Die Zeit rollt sich zusammen

Die Zeit. Sie rollt sich zusammen wie ein Geschenkbank, das gerade niemand braucht, sorgfältig ist es im Schrank verstaut, bis irgendeiner sich wieder erinnert, bis irgendeiner es wieder brauchen kann. 

Die Zeit hat ihren Taktstock verloren, irgendwo im Wald ließ sie ihn liegen, als sie sich nach dem Moos bückte, und wie zufällig die Flechten berührte, die dort auf Zweigen, Ästen, Steinen wachsen. 

Die Zeit hat sich verdoppelt und -dreifacht in diesen Tagen und ich leben in all diesen doppelten und dreifachen Zeiten gleichzeitig. 

Da ist diese irre Geschwindigkeit dieser Zeit, hier, in dieser Kultur, die mir in den Ohren saust. Schneller, höher, weiter, mehr. Heute, morgen, übermorgen. Die Gedanken rasen über Autobahnen, alle treiben sich gegenseitig an. Schnell, schnell in den Kindergarten, schnell, schnell nach Hause denn WIR HABEN KEINE ZEIT. Niemals nicht haben wir die Zeit, die flutscht uns aus den Händen, entgleitet uns in unserem irren Treiben. Wir jagen sie, ohne sie je zu erwischen, sie ist immer schon hinter uns, vor uns, neben uns, aber niemals IN uns. Ein kollektiver Sog. Ein Wahn, dem wir uns unterwerfen, einem Geflecht aus scheinbaren Notwendigkeiten, die die Tage verdichten bis zur Unkenntlichkeit. 

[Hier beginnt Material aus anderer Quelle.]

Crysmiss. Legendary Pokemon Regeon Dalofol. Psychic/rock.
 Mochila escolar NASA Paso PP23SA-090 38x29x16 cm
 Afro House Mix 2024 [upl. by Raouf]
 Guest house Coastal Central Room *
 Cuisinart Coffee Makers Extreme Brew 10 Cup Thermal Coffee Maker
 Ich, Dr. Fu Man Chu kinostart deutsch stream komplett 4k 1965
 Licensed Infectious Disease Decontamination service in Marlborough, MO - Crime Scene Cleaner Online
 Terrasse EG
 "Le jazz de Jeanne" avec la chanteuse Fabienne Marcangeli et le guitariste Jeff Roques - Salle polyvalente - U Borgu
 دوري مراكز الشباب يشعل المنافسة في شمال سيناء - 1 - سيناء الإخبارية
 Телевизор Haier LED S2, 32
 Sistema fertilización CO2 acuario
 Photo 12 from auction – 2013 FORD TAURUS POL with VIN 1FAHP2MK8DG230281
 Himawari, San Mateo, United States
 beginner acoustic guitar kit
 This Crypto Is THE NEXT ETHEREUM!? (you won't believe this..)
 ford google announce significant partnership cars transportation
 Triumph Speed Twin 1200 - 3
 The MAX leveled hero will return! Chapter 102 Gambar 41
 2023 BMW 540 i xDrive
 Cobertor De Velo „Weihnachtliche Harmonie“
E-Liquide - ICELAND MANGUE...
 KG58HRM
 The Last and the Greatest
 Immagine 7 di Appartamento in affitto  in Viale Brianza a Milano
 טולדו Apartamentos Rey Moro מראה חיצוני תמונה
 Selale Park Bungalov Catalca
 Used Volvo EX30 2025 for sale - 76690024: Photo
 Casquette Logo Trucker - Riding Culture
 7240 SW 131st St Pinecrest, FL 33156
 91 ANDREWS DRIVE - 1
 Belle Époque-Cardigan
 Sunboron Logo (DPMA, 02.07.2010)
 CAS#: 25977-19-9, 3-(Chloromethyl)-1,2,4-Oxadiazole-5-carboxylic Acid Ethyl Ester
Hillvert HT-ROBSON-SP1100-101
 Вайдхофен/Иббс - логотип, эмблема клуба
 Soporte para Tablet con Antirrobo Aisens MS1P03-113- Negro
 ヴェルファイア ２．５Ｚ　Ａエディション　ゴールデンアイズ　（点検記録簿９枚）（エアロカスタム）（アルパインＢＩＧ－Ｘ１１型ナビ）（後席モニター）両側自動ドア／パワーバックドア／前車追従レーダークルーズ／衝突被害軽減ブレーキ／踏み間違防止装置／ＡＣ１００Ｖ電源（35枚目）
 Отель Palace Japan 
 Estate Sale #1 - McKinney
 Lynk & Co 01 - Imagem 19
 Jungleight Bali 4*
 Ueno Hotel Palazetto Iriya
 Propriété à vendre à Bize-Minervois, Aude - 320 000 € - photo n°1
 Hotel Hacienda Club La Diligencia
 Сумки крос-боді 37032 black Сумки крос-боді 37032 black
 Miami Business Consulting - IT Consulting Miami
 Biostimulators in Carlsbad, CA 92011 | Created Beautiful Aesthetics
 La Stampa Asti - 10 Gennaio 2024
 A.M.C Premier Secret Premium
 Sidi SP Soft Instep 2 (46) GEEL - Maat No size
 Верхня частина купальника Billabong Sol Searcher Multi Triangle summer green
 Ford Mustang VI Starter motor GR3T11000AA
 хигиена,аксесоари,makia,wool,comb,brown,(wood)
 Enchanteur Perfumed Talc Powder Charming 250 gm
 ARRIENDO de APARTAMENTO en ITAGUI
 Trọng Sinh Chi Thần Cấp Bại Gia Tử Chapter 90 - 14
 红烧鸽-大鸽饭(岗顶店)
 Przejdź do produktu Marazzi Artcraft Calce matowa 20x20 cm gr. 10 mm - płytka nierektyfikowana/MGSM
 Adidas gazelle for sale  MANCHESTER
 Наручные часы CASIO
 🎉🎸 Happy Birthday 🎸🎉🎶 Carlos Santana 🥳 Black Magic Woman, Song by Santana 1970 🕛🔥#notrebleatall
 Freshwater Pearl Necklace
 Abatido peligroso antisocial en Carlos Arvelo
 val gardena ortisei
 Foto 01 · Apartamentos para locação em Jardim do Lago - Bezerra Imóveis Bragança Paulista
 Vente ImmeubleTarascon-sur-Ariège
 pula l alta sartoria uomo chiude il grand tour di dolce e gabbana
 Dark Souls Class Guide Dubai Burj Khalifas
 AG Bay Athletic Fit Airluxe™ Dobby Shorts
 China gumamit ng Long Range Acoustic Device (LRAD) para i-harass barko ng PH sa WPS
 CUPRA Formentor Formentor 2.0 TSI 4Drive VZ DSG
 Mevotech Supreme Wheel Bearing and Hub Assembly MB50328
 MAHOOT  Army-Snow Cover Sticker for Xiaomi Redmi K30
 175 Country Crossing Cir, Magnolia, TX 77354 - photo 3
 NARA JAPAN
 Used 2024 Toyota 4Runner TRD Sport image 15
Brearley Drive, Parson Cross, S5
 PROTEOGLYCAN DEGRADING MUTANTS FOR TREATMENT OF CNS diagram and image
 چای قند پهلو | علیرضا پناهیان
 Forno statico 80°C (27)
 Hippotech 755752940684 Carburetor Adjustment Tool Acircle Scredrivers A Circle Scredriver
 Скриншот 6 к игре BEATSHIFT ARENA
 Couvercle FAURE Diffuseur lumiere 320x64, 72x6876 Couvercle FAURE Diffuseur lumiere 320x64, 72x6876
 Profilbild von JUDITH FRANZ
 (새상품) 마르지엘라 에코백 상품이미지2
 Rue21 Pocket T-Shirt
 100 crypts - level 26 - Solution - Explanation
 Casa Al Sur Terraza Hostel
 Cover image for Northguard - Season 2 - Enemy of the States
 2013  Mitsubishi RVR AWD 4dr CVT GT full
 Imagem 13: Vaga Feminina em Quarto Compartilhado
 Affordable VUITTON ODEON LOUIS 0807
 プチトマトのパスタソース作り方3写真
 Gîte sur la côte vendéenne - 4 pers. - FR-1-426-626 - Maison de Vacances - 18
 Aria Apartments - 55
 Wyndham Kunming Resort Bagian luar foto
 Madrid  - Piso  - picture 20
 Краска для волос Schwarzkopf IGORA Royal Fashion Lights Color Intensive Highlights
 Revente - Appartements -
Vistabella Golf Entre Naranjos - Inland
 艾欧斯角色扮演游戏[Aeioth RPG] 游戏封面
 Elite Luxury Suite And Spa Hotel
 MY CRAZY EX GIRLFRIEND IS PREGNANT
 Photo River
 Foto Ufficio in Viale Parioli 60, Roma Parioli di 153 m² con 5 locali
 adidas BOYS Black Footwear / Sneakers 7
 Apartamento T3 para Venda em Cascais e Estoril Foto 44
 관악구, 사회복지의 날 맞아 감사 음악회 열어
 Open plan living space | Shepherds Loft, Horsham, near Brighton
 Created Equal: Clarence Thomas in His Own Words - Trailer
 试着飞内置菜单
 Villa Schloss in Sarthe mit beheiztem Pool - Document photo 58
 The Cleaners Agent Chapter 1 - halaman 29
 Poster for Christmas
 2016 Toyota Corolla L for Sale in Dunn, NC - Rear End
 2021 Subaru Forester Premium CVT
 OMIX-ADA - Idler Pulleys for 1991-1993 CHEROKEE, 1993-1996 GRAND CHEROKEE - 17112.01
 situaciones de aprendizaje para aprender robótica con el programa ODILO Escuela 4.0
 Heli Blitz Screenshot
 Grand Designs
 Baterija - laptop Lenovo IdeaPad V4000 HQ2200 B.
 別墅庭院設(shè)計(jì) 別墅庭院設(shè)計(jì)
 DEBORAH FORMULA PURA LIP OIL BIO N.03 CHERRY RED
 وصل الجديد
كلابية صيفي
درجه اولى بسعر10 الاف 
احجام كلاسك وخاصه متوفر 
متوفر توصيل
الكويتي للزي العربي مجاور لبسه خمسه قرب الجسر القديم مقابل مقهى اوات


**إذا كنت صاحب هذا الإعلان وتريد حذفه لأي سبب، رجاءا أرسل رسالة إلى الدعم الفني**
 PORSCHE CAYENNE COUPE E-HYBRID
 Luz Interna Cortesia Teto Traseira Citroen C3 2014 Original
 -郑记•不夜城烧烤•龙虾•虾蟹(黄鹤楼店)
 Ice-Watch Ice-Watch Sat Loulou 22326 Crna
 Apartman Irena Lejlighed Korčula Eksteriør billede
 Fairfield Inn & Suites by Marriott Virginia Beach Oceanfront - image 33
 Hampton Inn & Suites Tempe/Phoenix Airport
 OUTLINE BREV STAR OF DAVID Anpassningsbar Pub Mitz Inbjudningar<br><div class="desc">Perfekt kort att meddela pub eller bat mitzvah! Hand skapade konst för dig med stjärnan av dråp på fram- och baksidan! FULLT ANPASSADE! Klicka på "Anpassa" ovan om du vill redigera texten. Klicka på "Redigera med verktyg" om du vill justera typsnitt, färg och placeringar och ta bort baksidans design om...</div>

Und dann ist da dieses unglaubliche JETZT des Lebens als Familie. Die Lebensenergie des Mädchens, die sprudelt und springt, saust, hüpft, gluckst und quietscht. Das Glück, Familie zu sein, miteinander zu sein, alles stehen und liegen zu lassen, um dieses JETZT zu genießen. Um einander zu genießen. Diese Zeit ist mir die liebste in diesen Tagen. Und wir nehmen sie uns. Wir können sie uns nehmen. Wir tun es, weil es so wichtig ist, weil es die Momente sind, in denen Leben sich erfüllt, einfach so. Ganze Tage lassen wir so verstreichen, weil wir wissen, dass nichts ewig ist. Weil das Leben so fragil ist, so zerbrechlich und kostbar und flüchtig wie die Blüten des Mandelbaums vor unserem Fenster, die entstehen, verblühen, vergehen in ewige Dreiklang.  

Dahinter, wie ein unsichtbarer Strom, die Zeitlosigkeit Indiens. Mäandernd und zirkulär, sich unverhofft in die Ewigkeit dehnend, immer da, immer schon gewesen, die Kultur durchdringend. Sie spiegelt sich im Eigensinn der Inder, Zeit zu sehen und strecken, zu rollen und in Schlaufen zu legen, wie es ihnen passt. Stets aber schließt sich diese Zeit in großen Kreisen und alles kehrt an den Ursprung zurück. In zeitloser Geste werden Götter gewaschen, mit Nahrung versorgt. In zeitloser Geste werden Häuser gewischt und Straßen gefegt, jeden Tag.

Sie spiegelt sich in den Augen der Frauen, diese Zeitlosigkeit, in den Augen jedenfalls, die glänzen, wenn sie ein Kind sehen, die es mit klingenden Reifen am Arm berühren, weil jedes Kind das Wunder der Zeit widerspiegelt, das Wunder des Menschseins, das Wunder Leben. Und das zu berühren bleibt immer genug Zeit.